TRAM Conference 2009 – Sheffield

Invited Keynote lecture at TRAM 2009 worldwide Conference

Wednesday, 9, September, 2009

 New methodologies for development of high efficient Machining of difficult to cut materials


Sergio Durante, Mauro Comoglio

1D4S Motorsport, Mar Adriatico 2, 38612 Granadilla de Abona, Spain, 

2DIAD , Str. Della Praia 12/C, I-10090 Buttigliera Alta (TO) Italy, 

In Sheffield at the AMRC with Boeing facilities, Dr. Eng. Sergio Durante presented a paper on high efficient machining.

The article and the keynote focuses on the automotive and aerospace industries. In these industries the need for enhanced materials performance is necessary if they are to remain competitive in global terms. Unfortunately the material properties, which make them so attractive to the aerospace and automotive industry can also make them difficult to machine. This paper will discuss integrated developments in machining techniques and cutting tools, which are emerging to cope with difficult to cut materials.


Due to the increasingly competitive nature of the commercial aircraft and automotive markets, environmental issues and affordability are the prime market drivers.

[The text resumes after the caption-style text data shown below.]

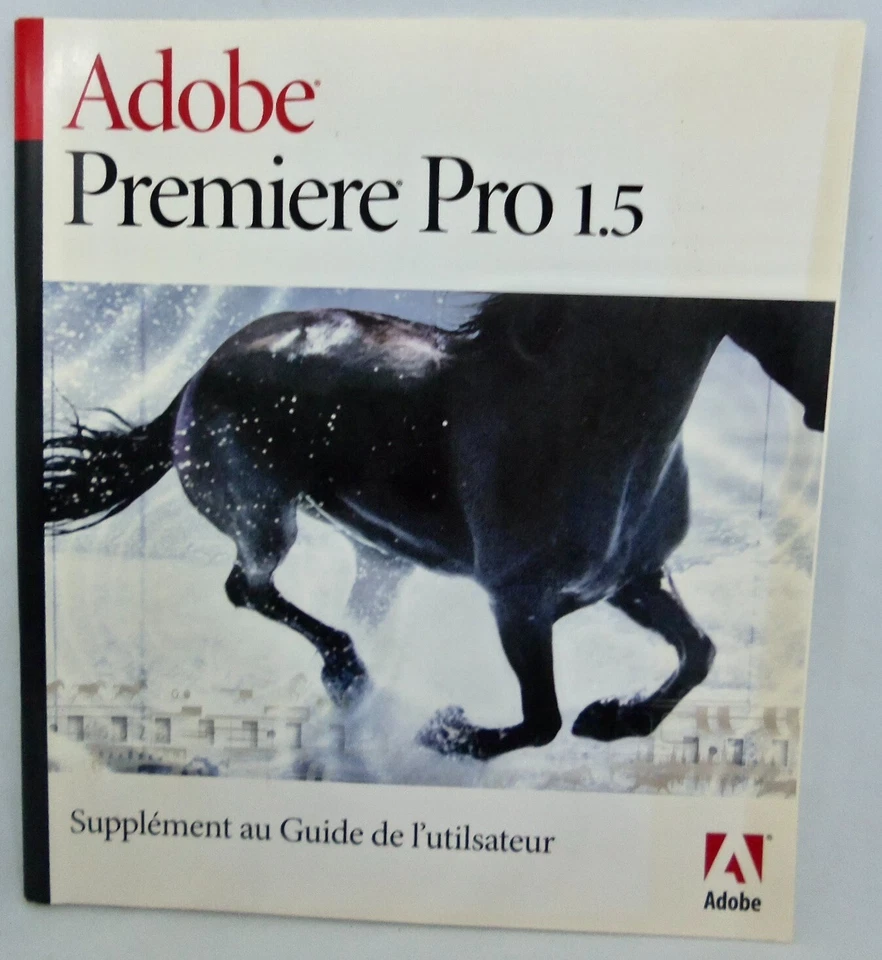 Adobe Première Pro Guide de l'utilisateur + Supplément au guide de l'utilisateur - Photo 4/4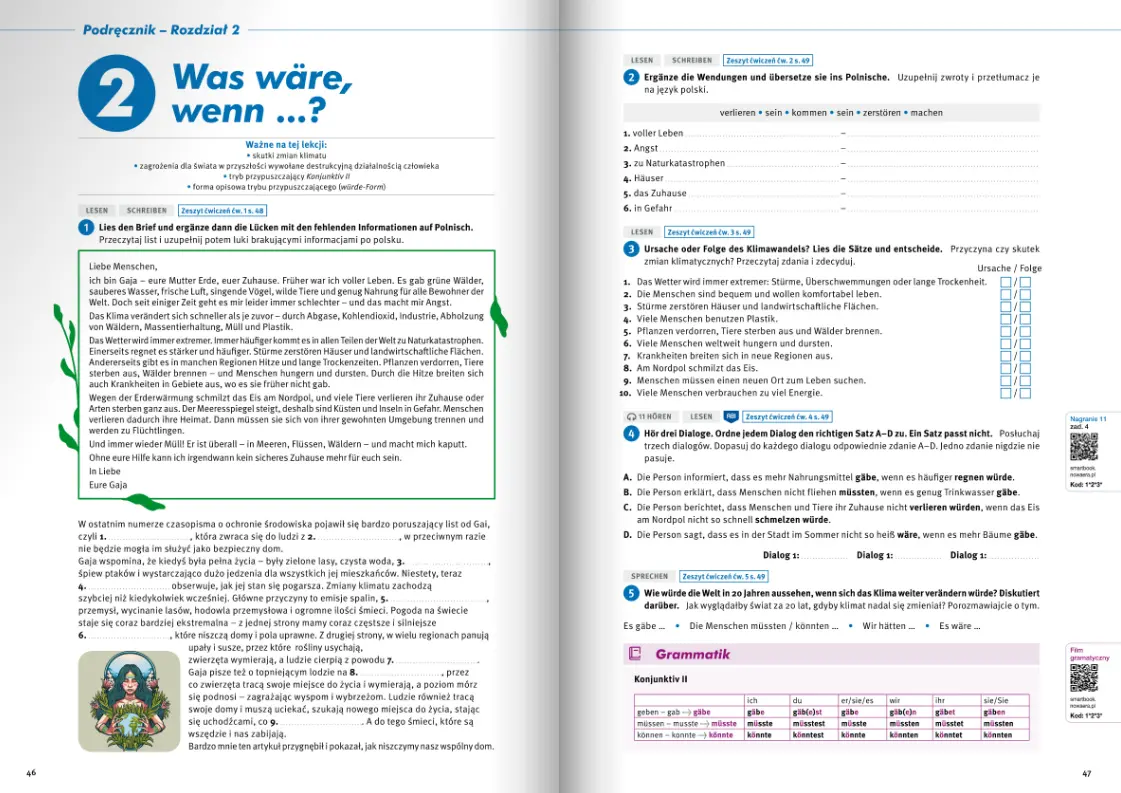Smart book. Język niemiecki. Welttour Deutsch 4 neu. Liceum i technikum - Książki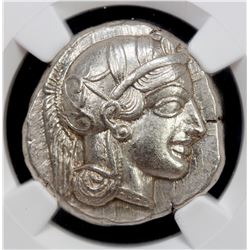 ATTICA: AR tetradrachm (17.19g), ND (ca. 440-404 BC). NGC AU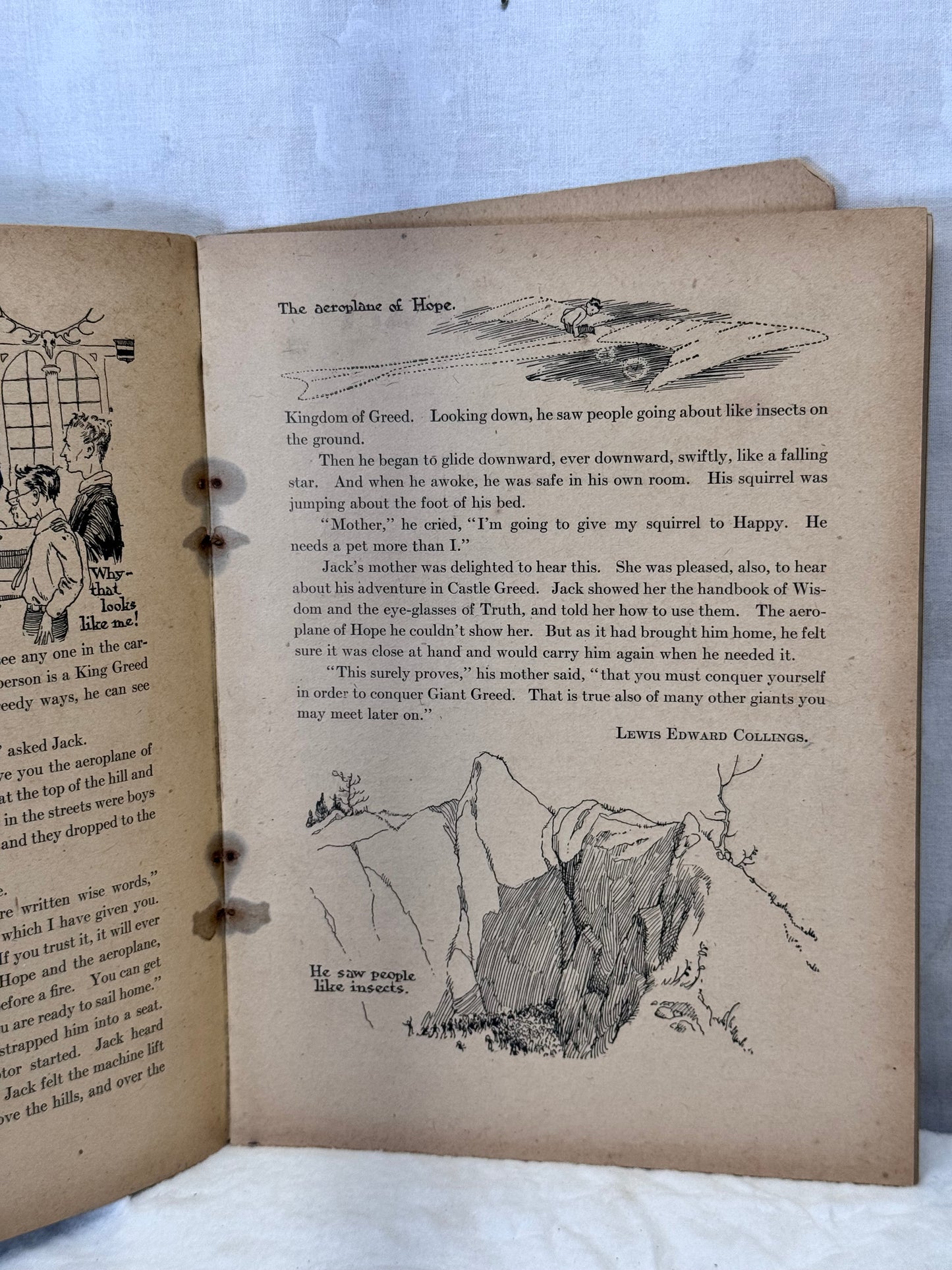 John Martins Book The Child Magazine 1917 Antique Flawed #1894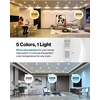image:imageSunco 12 Pack Retrofit LED Recessed Lighting 6 Inch Can Lights for Ceiling 1200 LM 15W Selectable CCT 2700K3000K4000K5000K6000K Dimmable Ultra Thin Flat Light Fixture UL5 CCT in One 2700K  3000K  4000K  5000K  6000K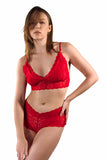 Scarlet Temptress Lace Lingerie Set - XO & Ginger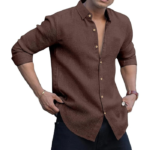 Linen Cotton Shirt | Casual | Plain | Full Sleeve | Summer-Regular Fit| Men Stylish Shirt | Everyday Formal Wear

In the aerospace sector, the implication of this is a market requirement for faster, cheaper, quieter aircraft. There is also a need to reduce operational costs by producing, more economical and reliable aircraft with an increased operating life. To meet these requirements the aircraft designers are producing larger, thinner complex (monolithic) parts, which can be assembled more easily without the recourse to jigs and fixtures. This is forcing manufacturers to consider using more exotic alloys, composites and mixed metal matrices, with a large impact on machining technology. Similar trends are occurring in the military aircraft sector where, in addition to affordability, stealth technology is forcing the use of new materials and design techniques.

In addition to the technological issues the aerospace industry is now moving towards the model of the automotive with the large OEMs concentrating on large system integration with component manufacture moving into the supply chain. This is having an impact as the companies now machining difficult to cut materials are unaware of the materials research being carried out at the OEM level and they can be faced with a machining problem on a material where they have little previous experience.

In the automotive sector new products now face stringent economic and environmental demands. In Europe emission legislation and the demands for higher performance from smaller engines have together driven the development of diesel engine technology over the past 10 years.